[squeak-dev] [Pharo-dev] Byte & String collection hash performance; a modest proposal for change.

Mon May 1 07:09:29 UTC 2017

I see no replies to this on any of the three lists it was sent to, so I
guess I'll chime in.

tl;dr:
Making a primitive for #hashMultiply, probably a good idea, in some
form, since doing it in Smalltalk is awkward.
Only hashing every N-th character of large strings, probably a very bad
idea. Performance might well get worse, the complexity does not seem
justified, and it would open a sizeable security hole.

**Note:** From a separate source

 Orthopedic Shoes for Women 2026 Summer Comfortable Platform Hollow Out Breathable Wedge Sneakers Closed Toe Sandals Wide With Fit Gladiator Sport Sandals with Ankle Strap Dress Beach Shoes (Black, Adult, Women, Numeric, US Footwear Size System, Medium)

More verbiage below for those interested.

Regards,
-Martin

On 04/18/2017 07:09 PM, Eliot Miranda wrote:
> Hi All,
>
>     the hash algorithm used for ByteString in Squeak and Pharo is good
> for "small" strings and overkill for large strings. 

Why do you say it's overkill for large strings? Are there applications
with large strings that are being negatively impacted by the current
algorithm? Which ones, and impacted how?

> It is important in many applications to get well distributed string
> hashes, especially over the range of strings that constitute things
> like method names, URLs, etc.  Consequently, the current algorithm
> includes every character in a string.  This works very well for
> "small" strings and results in very slow hashes (and hence long
> latencies, because the hash is an uninterruptible primitive) for large
> strings, where large may be several megabytes.

A simple solution for the uninterruptable primitive is to not make it a
primitive. Make #hashMultiply a primitive (since this particular kind of
numeric modulo computation is really painful in Smalltalk), and do the
rest in a loop in Smalltalk. It sounds like you've done the
#hashMultiply primitive already.

If the overhead of calling a primitive for each character proves to be
too much, even with the faster primitive calling methodologies you
talked about in the "Cog Primitive Performance" thread on the Vm-dev
list, a more complex primitive could take a range of bytes, so large
strings would be done in batches, solving the latency problem.

>
> Let's look at the basic hash algorithm. 
[...]
>
> In looking at this I've added a primitive for hashMultiply; primitive
> #159 implements precisely self * 1664525 bitAnd: 16r0FFFFFFF for
> SmallInteger and LargePositiveInteger receivers, as fast as possible
> in the Cog JIT.  With this machinery in place it's instructive to
> compare the cost of the primitive against the non-primitive Smalltalk
> code.
>
> First let me introduce a set of replacement hash functions, newHashN. 
> These hash all characters in strings up to a certain size, and then no
> more than that number for larger strings.  Here are newHash64 and
> newHash2048, which use pure Smalltalk, including an inlined
> hashMultiply written to avoid SmallInteger overflow.  Also measured
> are the obvious variants newHash128, newHash256, newHash512 & mewHash1024.
>
>
[...]
> So the idea here is to step through the string by 1 for strings sizes
> up to N - 1, and by greater than 1 for strings of size >= N, limiting
> the maximum number of characters sampled to between N // 2 and N - 1. 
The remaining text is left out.